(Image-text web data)
- - -
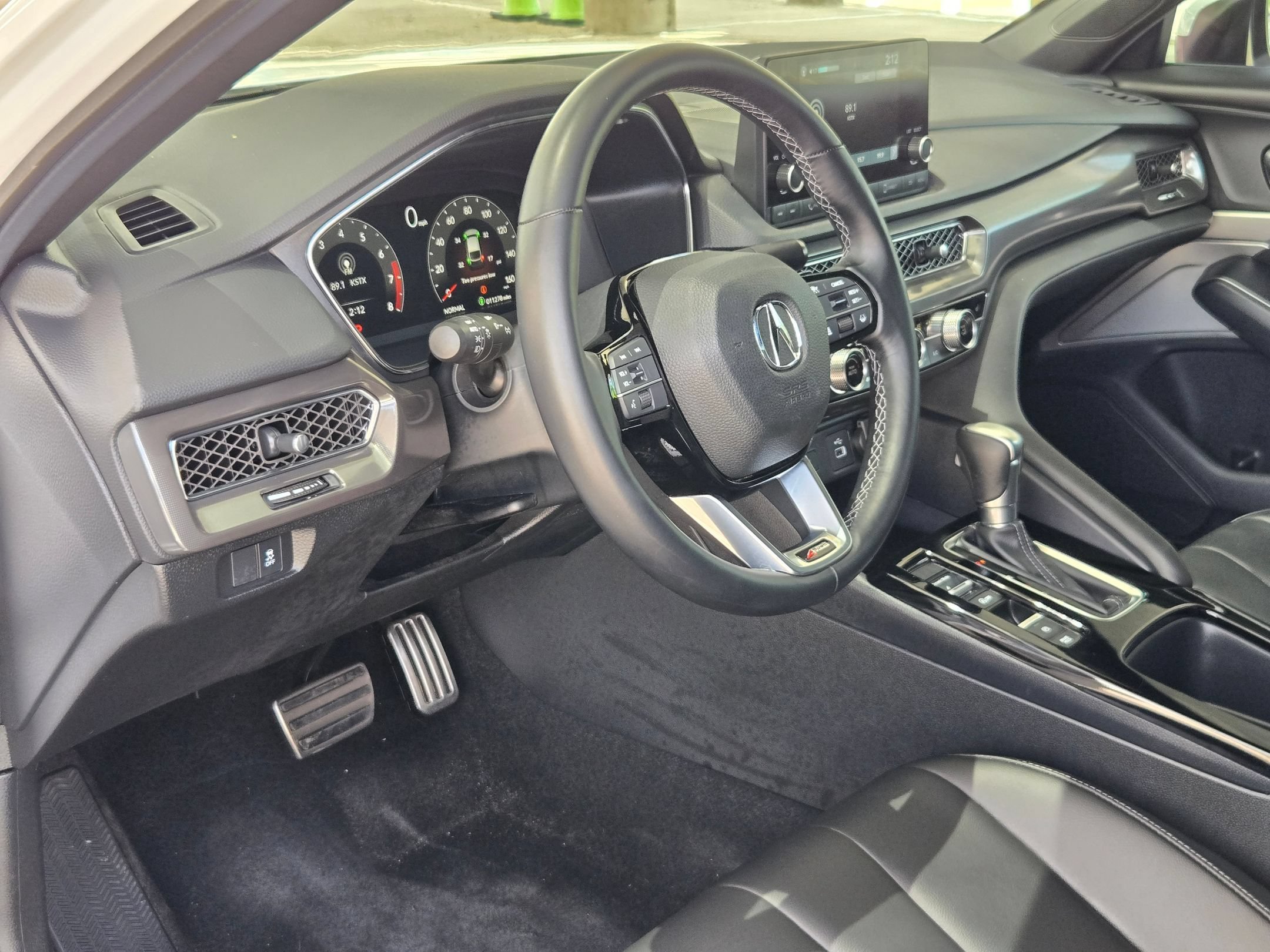Certified 2025 Acura Integra A-Spec FWD image 13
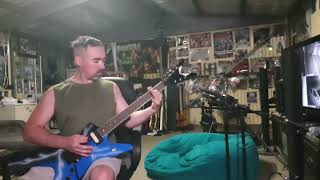 No Good (Attack The Radical) Pantera Cover + Solo! @KaddysJamKave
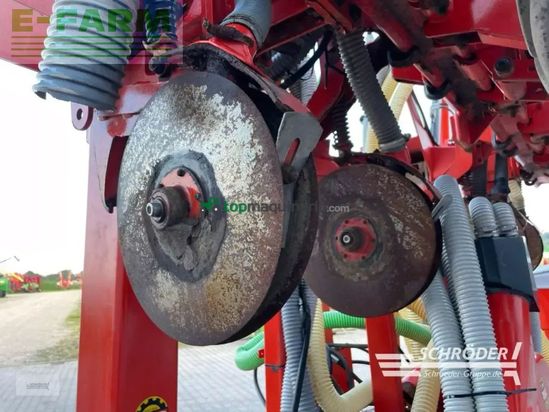 Sembradora monograno mecanica - Kuhn - maxima + fronttank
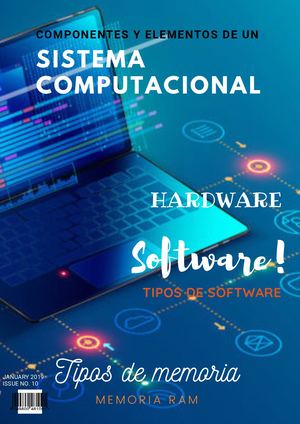 Componentes De Un Sistema Computacional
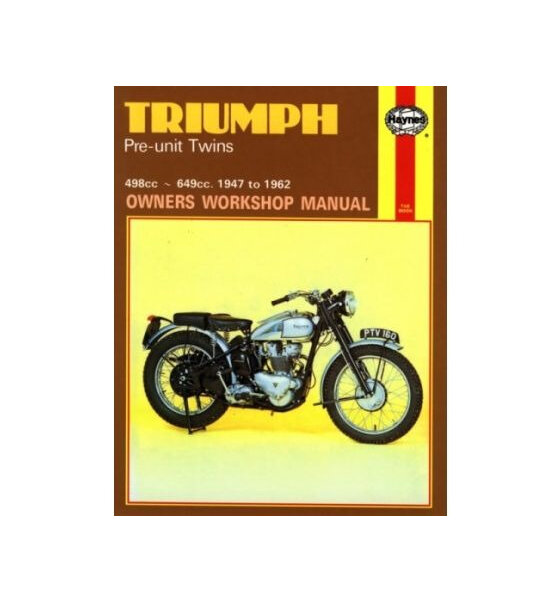Triumph Pre-Unit Twins Workshop Manual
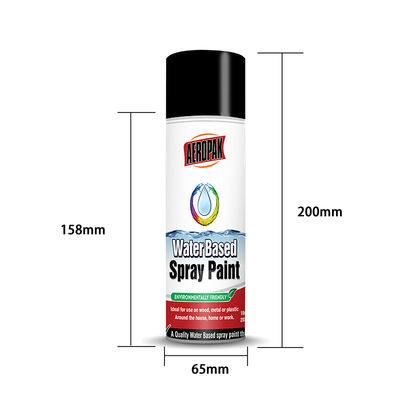 Quick Drying 400ml Aerosol Spray Paint Eco Friendly For Metal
- - -
> [PROBLEM TO WORK ON] All entries must be output unchanged, with every picture omitted.

> [WRITTEN REPLY]
Certified 2025 Acura Integra A-Spec FWD image 13
 No Good (Attack The Radical) Pantera Cover + Solo! @KaddysJamKave
 Sembradora monograno mecanica - Kuhn - maxima + fronttank
 Componentes De Un Sistema Computacional
Triumph Pre-Unit Twins Workshop Manual
 Quick Drying 400ml Aerosol Spray Paint Eco Friendly For Metal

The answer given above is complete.